Tamam, top senin olsun. Pas yap, ağır ağır bize doğru gel ve oyalan... Zincir savunmayı aşarsan da, at şutunu. Yavaş oynayalım, böyle oynayalım, güle güle, tatlı tatlı oynayalım!
Yukarıdaki mesaj Ersun Yanal’ın Antalyaspor’undan Sergen Yalçın’ın Beşiktaş’ına bir “hoş geldin” karşılaması.

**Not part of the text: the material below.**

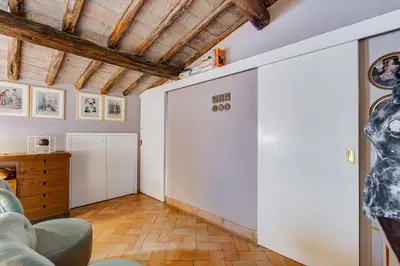 a living room with a white wall and a couch at Campo Marzio Boutique Apt 300 mt dal Pantheon in Rome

Ligin başından beri topla oynamayı, topa sahip olmayı çok seven ve istediği gollere kavuşan Beşiktaş, geçen hafta Trabzonspor karşısında aynı tablo ile kaybettiği maçın açığını kapatmaya gitmişti Antalya’ya. Ligin ilk yarısında İstanbul’da berabere biten ilk maçın rövanşında onbiri de biraz değiştirmişti Sergen Yalçın. Ghezzal yoktu, sağ kanatta Larin vardı. Orta alanda Mensah yoktu, Adem Ljajic vardı. Sol kanatta da N’Koudou yer almıştı. Yeni kurguyla Beşiktaş bastıracak ve önde Aboubakar’la golü arayacaktı.
Antalyaspor, sahip olduğu topla üstüne gelen Beşiktaş’ı zincir 6’lı savunma ile karşıladı her defasında. Zaman zaman öyle tablolar oluştu ki, ev sahibi takım, 10 kişilik bir kalabalıkla Beşiktaş’a boş alan bırakmadan kendi savunma bölgesinde maçı kontrol etti. Başarılı da oldu bu taktikle. Larin ve N’Koudou sağ ve sol kanatta hiç etkili olamadılar. İlk yarının sonuna doğru Larin sola, N’Koudou sağa geçti, yine de olmadı. Asıl katkı beklenen oyuncu Ljajic, meşin yuvarlağı çoğu zaman gereksiz biçimde ayağında tutuyor, kalabalık rakip savunmaya takılıyordu. Aboubakar’da da bir hamlık vardı adeta. Atılan uzun toplara yetişemedi. Ceza alanında topla buluştuğunda ayağından şut çıkmadı. Atiba ve Josef de oyunu çözmek için yeterli olamadılar. Welinton zaman zaman sağ kanatta Rosier’le paslaşarak hücum organizasyonuna katılıyor, ancak üretken bir hamle yapamıyordu.
İlk yarının iki olayı peş peşe geldi. 38’de Larin, Boffin’in boşalttığı kaleye acayip bir şut çekti, Boffin toptan önce kalesine dönerek golü önledi. Bir dakika sonra da bastıran Beşiktaş, kontrayla golü yedi. Fredy’nin topuyla soldan hızla Beşiktaş yarı alanına inen Eren, beklenmedik bir anda harika bir orta ile Gökdeniz’i buluşturdu. Gökdeniz kafayla golü atarken Welinton ve Vida arkasından çaresizlikle seyrediyordu.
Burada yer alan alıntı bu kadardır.